OK for grpnum and level, but grphi and grplo need to be "int" to
match the various CPU-manipulation primitives.

> > +	struct rcu_node *parent;
> >  } ____cacheline_internodealigned_in_smp;
> > 
> > -/* Is batch a before batch b ? */
> > -static inline int rcu_batch_before(long a, long b)
> > -{
> > -	return (a - b) < 0;
> > -}
> > +/*
> > + * RCU global state, including node hierarchy.  This hierarchy is
> > + * represented in "heap" form in a dense array.  The root (first level)
> > + * of the hierarchy is in ->node[0] (referenced by ->level[0]), the second
> > + * level in ->node[1] through ->node[m] (->node[1] referenced by ->level[1]),
> > + * and the third level in ->node[m+1] and following (->node[m+1] referenced
> > + * by ->level[2]).  The number of levels is determined by the number of
> > + * CPUs and by CONFIG_RCU_FANOUT.  Small systems will have a "hierarchy"
> > + * consisting of a single rcu_node.
> > + */
> > +struct rcu_state {
> > +	struct rcu_node node[NUM_RCU_NODES];	/* Hierarchy. */
> > +	struct rcu_node *level[NUM_RCU_LEVELS];	/* Hierarchy levels. */
> > +	int levelcnt[MAX_RCU_LEVELS + 1];	/* # nodes in each level. */
> > +	int levelspread[NUM_RCU_LEVELS];	/* kids/node in each level. */
> 
> These two should use sized types.

Fair enough.  And can be 8 bits, for that matter.

> > +
> > +	/* The following fields are guarded by the root rcu_node's lock. */
> > +
> > +	char	signaled ____cacheline_internodealigned_in_smp;
> > +						/* sent GP-kick IPIs? */
> 
> u8 or bool, depending on semantics.  If just a simple flag, how about
> bool?

This will need to be a non-bool shortly.

OK, so what the heck -are- the official type names???  u8 seems
to be defined in a powerpc-specific file.  OK, it also appears in
include/asm-generic/int-l64.h.  s8, u8, s16, u16, s32, u32, s64, and
u64, then?

> > +	long	gpnum;				/* Current gp number. */
> > +	long	completed;			/* # of last completed gp. */
> > +	spinlock_t onofflock;			/* exclude on/offline and */
> > +						/*  starting new GP. */
> > +};
> > 
> > -/* Is batch a after batch b ? */
> > -static inline int rcu_batch_after(long a, long b)
> > -{
> > -	return (a - b) > 0;
> > -}
> > +#define RCU_DONE_TAIL		0	/* Also RCU_WAIT head. */
> > +#define RCU_WAIT_TAIL		1	/* Also RCU_NEXT_READY head. */
> > +#define RCU_NEXT_READY_TAIL	2	/* Also RCU_NEXT head. */
> > +#define RCU_NEXT_TAIL		3
> > +#define RCU_NEXT_SIZE		4
> > 
> >  /* Per-CPU data for Read-Copy UPdate. */
> >  struct rcu_data {
> > -	/* 1) quiescent state handling : */
> > -	long		quiescbatch;     /* Batch # for grace period */
> > -	int		passed_quiesc;	 /* User-mode/idle loop etc. */
> > -	int		qs_pending;	 /* core waits for quiesc state */
> > +	/* 1) quiescent-state and grace-period handling : */
> > +	long		completed;	/* Track rsp->completed gp number */
> > +					/*  in order to detect GP end. */
> > +	long		gpnum;		/* Highest gp number that this CPU */
> > +					/*  is aware of having started. */
> > +	int		passed_quiesc;	/* User-mode/idle loop etc. */
> > +	int		qs_pending;	/* Core waits for quiesc state. */
> 
> Looks like several whitespace changes occurred here; several of these
> lines didn't actually change except in whitespace.

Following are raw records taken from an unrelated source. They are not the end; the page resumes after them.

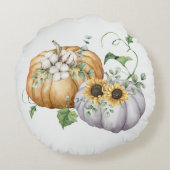 Coussins Ronds Automne Citrouille Tournesol et Fleurs de coton (Dos)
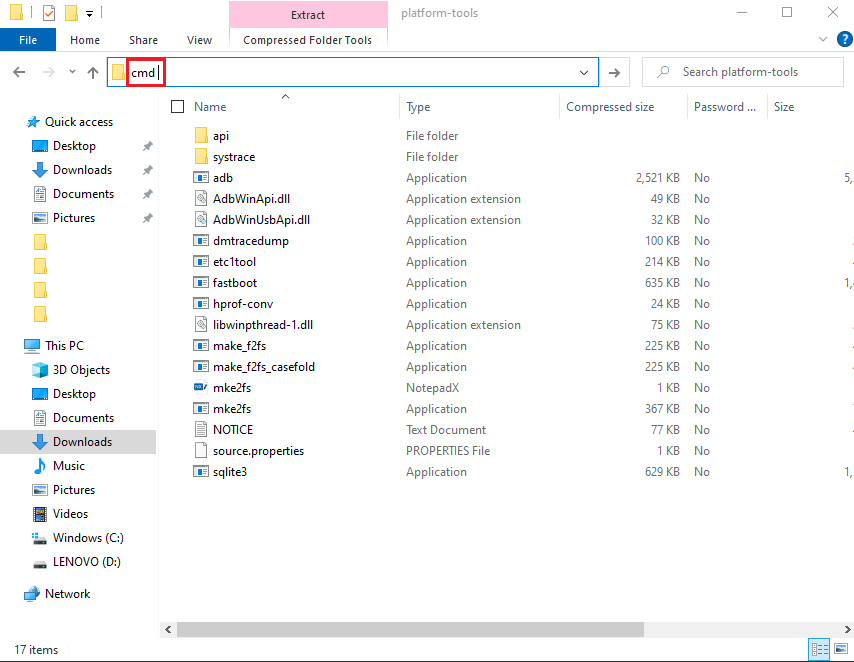 Open-the-platform-tools-folder-on-your-computer-then-in-the-file-path-box-you-have-to-type-cmd.- كيفية تمكين مسجل الشاشة المدمج في Android 10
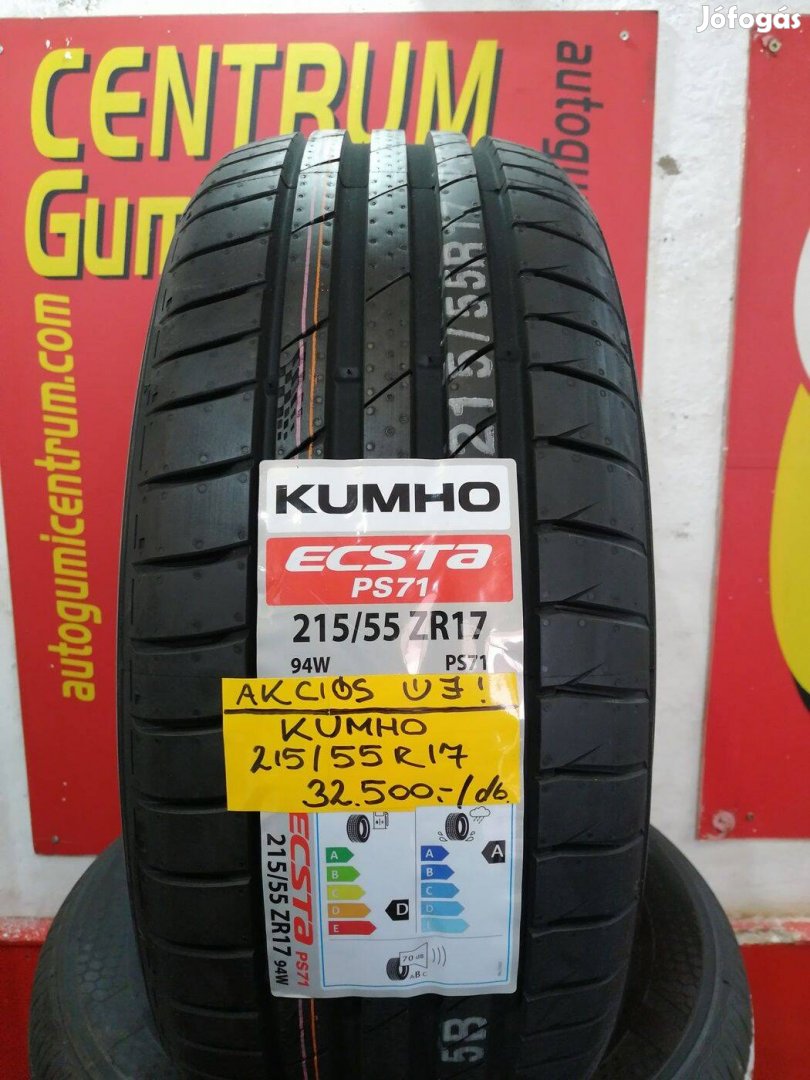 215/55R17 Kumho nyári gumi 32.500 Ft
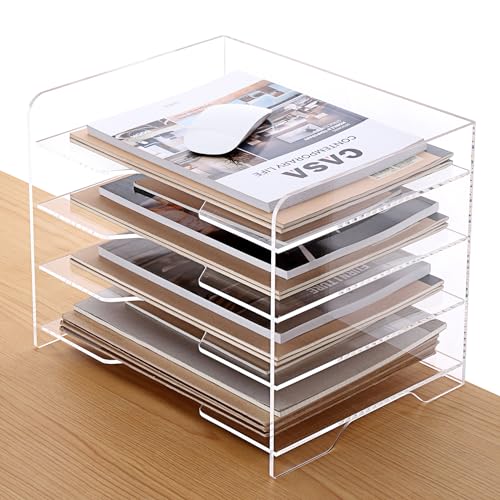 SANRUI Acrylic Paper Organizer Letter Tray for Desk, 4 Tier Enlarged File Sorter,Clear File Holder Desktop Shelf Document Storage for School Office Home - style: Enlarged 4 Tier File Tray Holder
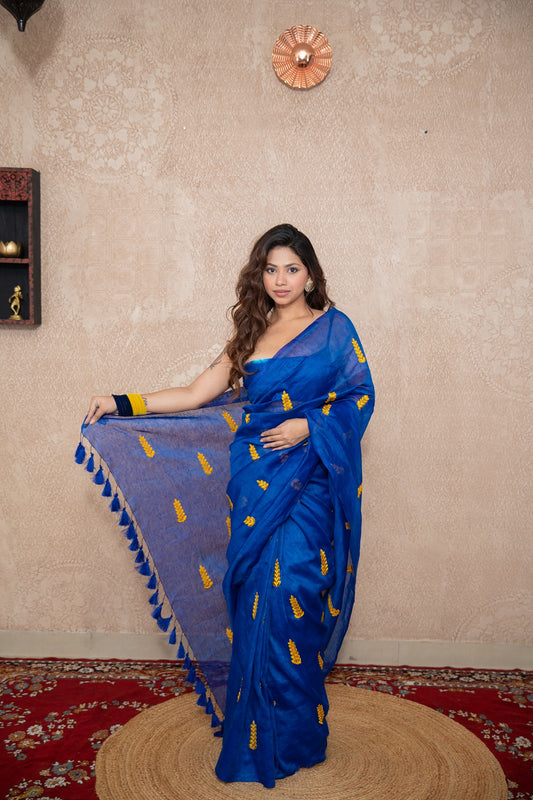 Hansika-Blue Silk Saree with leaf embroidery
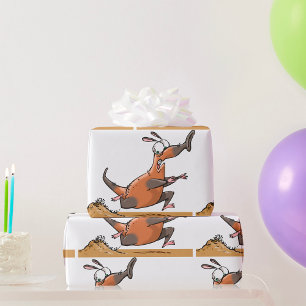 Papel De Regalo Gracioso Personalizado de Anteater Quirky Running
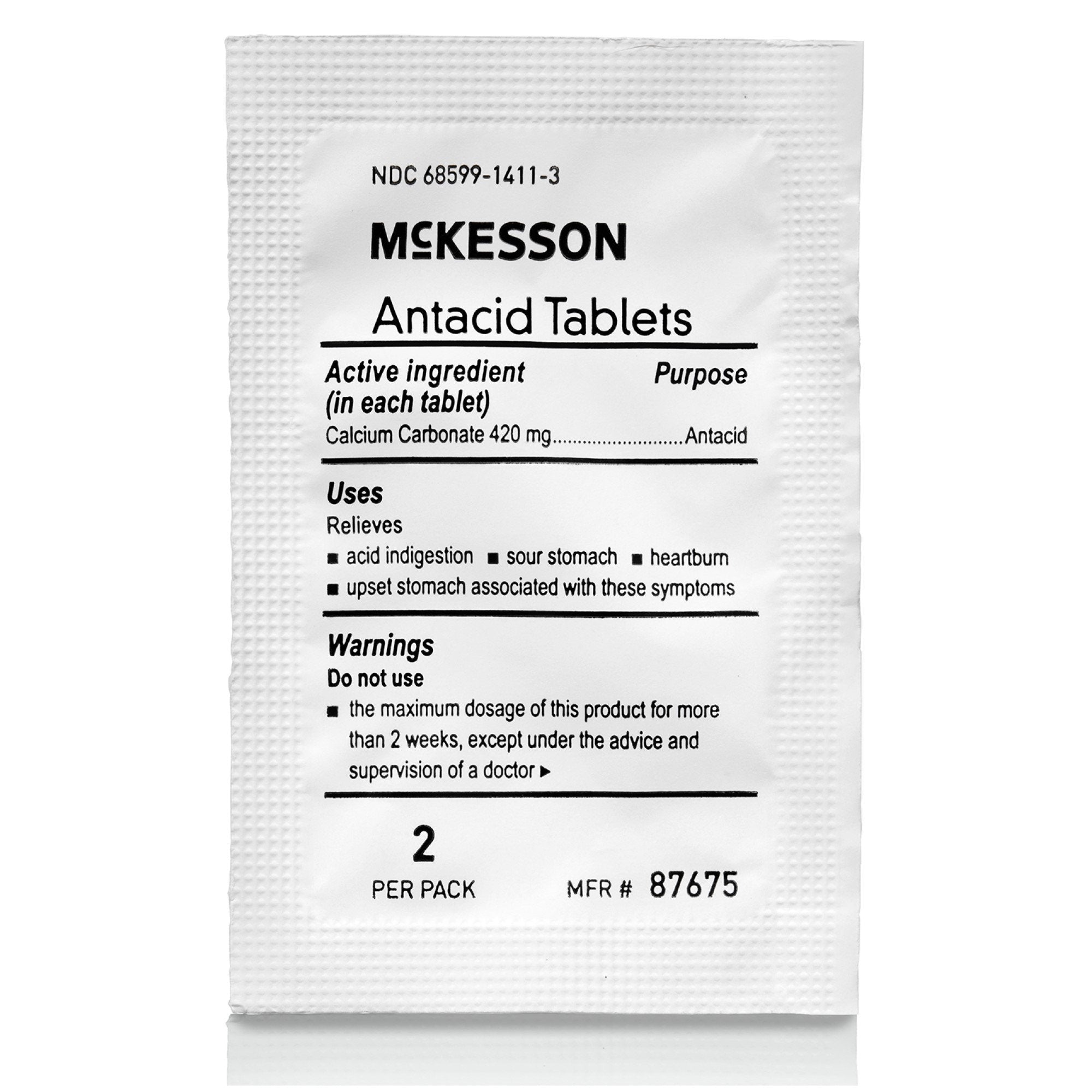 McKesson Calcium Carbonate Antacid Tablets, Mint Flavor 87675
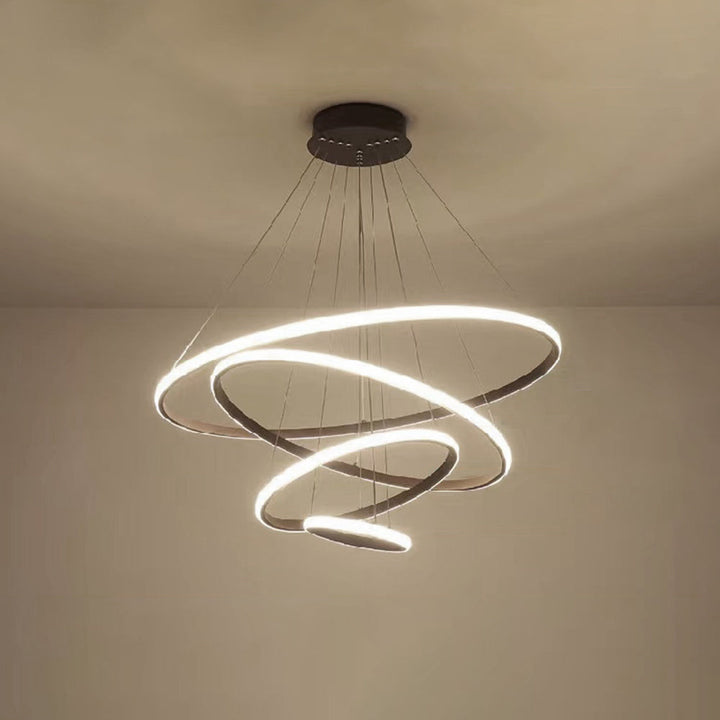 Seraphis: moderna lampada a sospensione LED dal design ad anello – per sala da pranzo e soggiorno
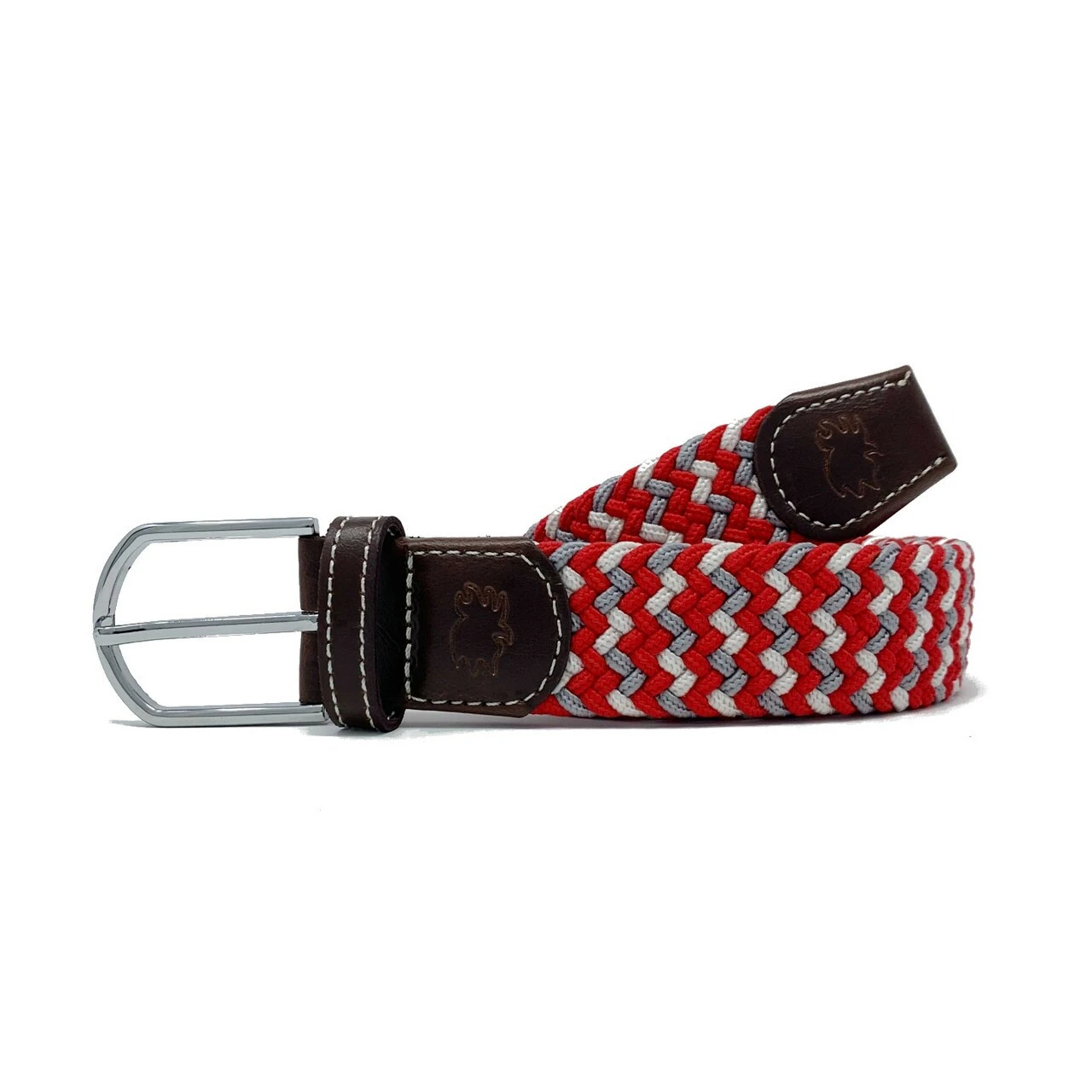 Roostas The Dublin Two Toned Woven Elastic Stretch Belt - Scarlet/Gray/White 3 Roostas The Dublin Two Toned Woven Elastic Stretch Belt - Scarlet/Gray/White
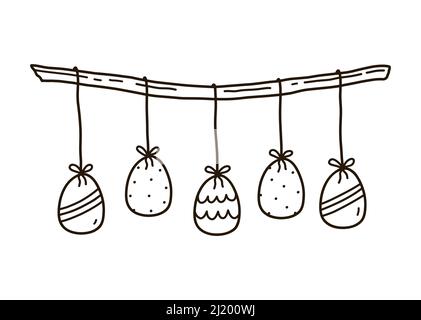 Décoration festive avec œufs de Pâques suspendus isolés sur fond blanc. Illustration vectorielle dessinée à la main, style doodle. Parfait pour les motifs de vacances, carte Illustration de Vecteur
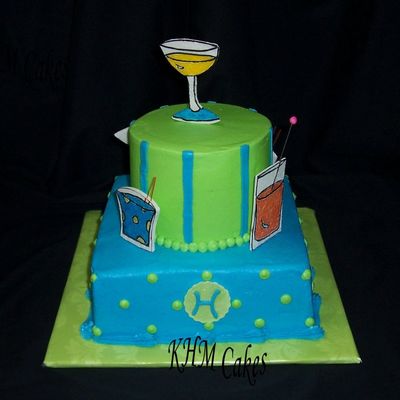 Cocktail Theme Blue Birthday Cake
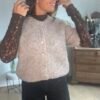 Cardigan manches courtes taupe - Modèle Lisa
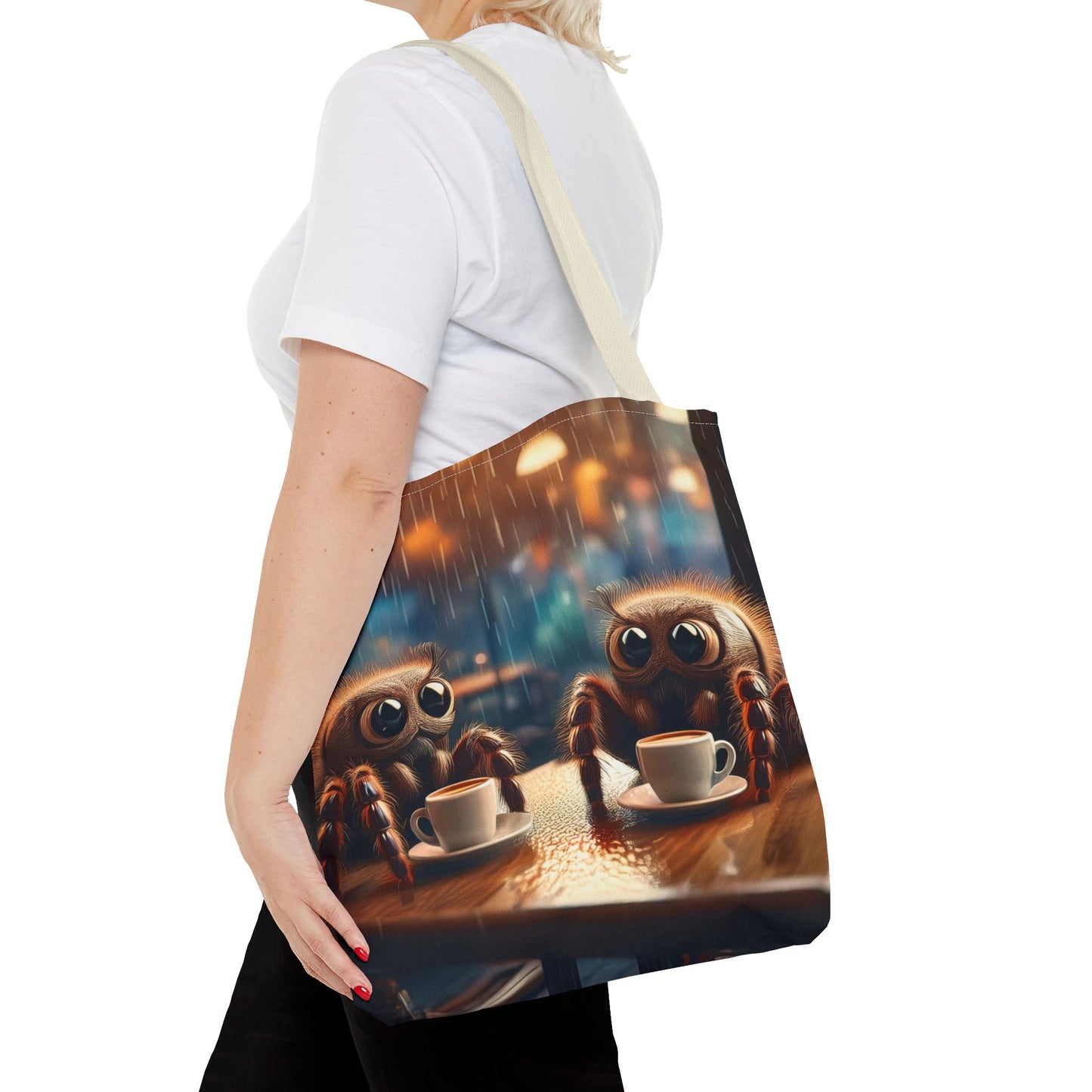 Spiders Drinking Coffee Tote Bag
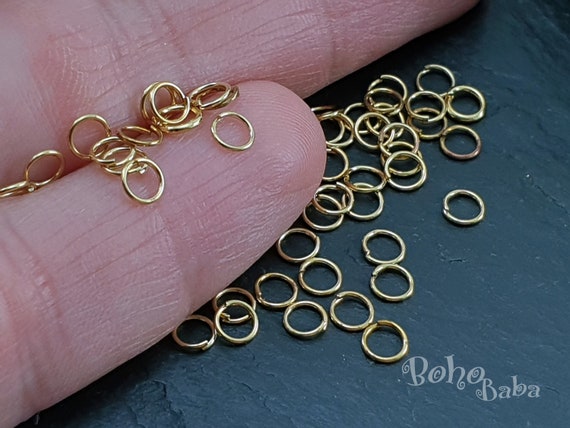 Gold Plated Open Jump Rings, 3mm Gold Jump Rings, Gold Split Rings, Extra  Fine Gold Jumprings, 100pc 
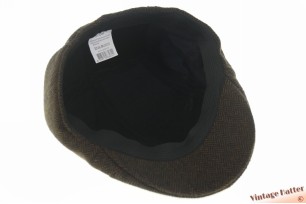 © VintageHatter.com | c-8028-58-1 Voorgevormde pet recent model bruine visgraat 57-60 Voorgevormde pet recent model bruine visgraat 57-60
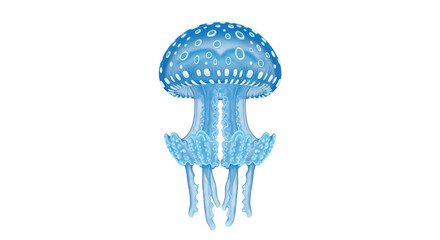 Isolated blue jellyfish, colorful marine animal, sea creature, aquatic species, ocean nature
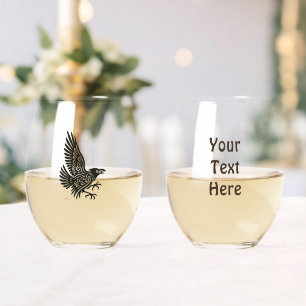 Dancing Norse Raven Wijnglas Zonder Voet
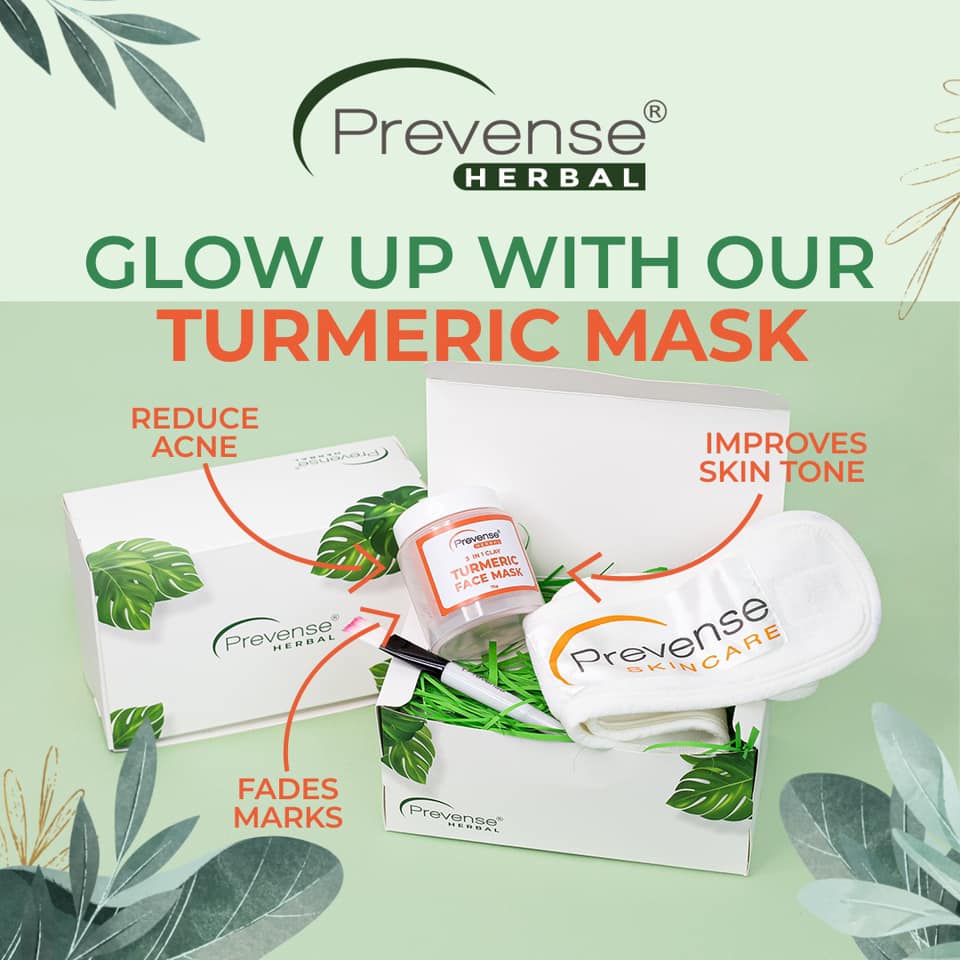 Prevense Herbal 3 in 1 Clay Turmeric Facial Mask 75g British Cosmetics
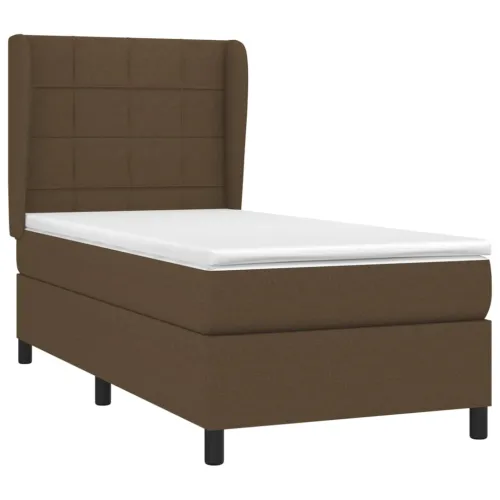 Boxspring - Krevet s oprugama i madracem tamnosmeđi 90 x 190 cm od tkanine - Tamno smeđa 90 x 190 cm Blok s kvadratima Tamno sme Cijena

Whitespace-only changes are kind of lost in the noise with this patch.
Best to apply it and inspect the result.

> The same comment about sized types applies here, but these fields didn't
> actually change in this patch.

Both can be bool.  The completed and gpnum fields can probably be s32,
but deferring that change.

> > +	struct rcu_node *mynode;	/* This CPU's leaf of hierarchy */
> > 
> >  	/* 2) batch handling */
> >  	/*
> > -	 * if nxtlist is not NULL, then:
> > -	 * batch:
> > -	 *	The batch # for the last entry of nxtlist
> > -	 * [*nxttail[1], NULL = *nxttail[2]):
> > -	 *	Entries that batch # <= batch
> > +	 * If nxtlist is not NULL, it is partitioned as follows.
> > +	 * Any of the partitions might be empty, in which case the
> > +	 * pointer to that partition will be equal to the pointer for
> > +	 * the following partition.  When the list is empty, all of
> > +	 * the nxttail elements point to nxtlist, which is NULL.
> > +	 *
> > +	 * [*nxttail[2], NULL = *nxttail[3]):
> > +	 *	Entries that might have arrived after current GP ended
> > +	 * [*nxttail[1], *nxttail[2]):
> > +	 *	Entries known to have arrived before current GP ended
> >  	 * [*nxttail[0], *nxttail[1]):
> > -	 *	Entries that batch # <= batch - 1
> > +	 *	Entries that batch # <= ->completed - 1: waiting for current GP
> >  	 * [nxtlist, *nxttail[0]):
> > -	 *	Entries that batch # <= batch - 2
> > +	 *	Entries that batch # <= ->completed
> >  	 *	The grace period for these entries has completed, and
> >  	 *	the other grace-period-completed entries may be moved
> >  	 *	here temporarily in rcu_process_callbacks().
> >  	 */
> > -	long  	       	batch;
> >  	struct rcu_head *nxtlist;
> > -	struct rcu_head **nxttail[3];
> > -	long            qlen; 	 	 /* # of queued callbacks */
> > -	struct rcu_head *donelist;
> > -	struct rcu_head **donetail;
> > -	long		blimit;		 /* Upper limit on a processed batch */
> > +	struct rcu_head **nxttail[RCU_NEXT_SIZE];
> > +	long            qlen; 	 	/* # of queued callbacks */
> > +	long		blimit;		/* Upper limit on a processed batch */
> 
> Some whitespace changes again here; several of these lines didn't change
> except in whitespace.

And the string of spaces needs to become tabs while I am at it...

> >  	int cpu;
> >  	struct rcu_head barrier;
> >  };
> > 
> > +extern struct rcu_state rcu_state;
> >  DECLARE_PER_CPU(struct rcu_data, rcu_data);
> > +
> > +extern struct rcu_state rcu_bh_state;
> >  DECLARE_PER_CPU(struct rcu_data, rcu_bh_data);
> 
> Why extern and in the header?  I don't see anything else using them.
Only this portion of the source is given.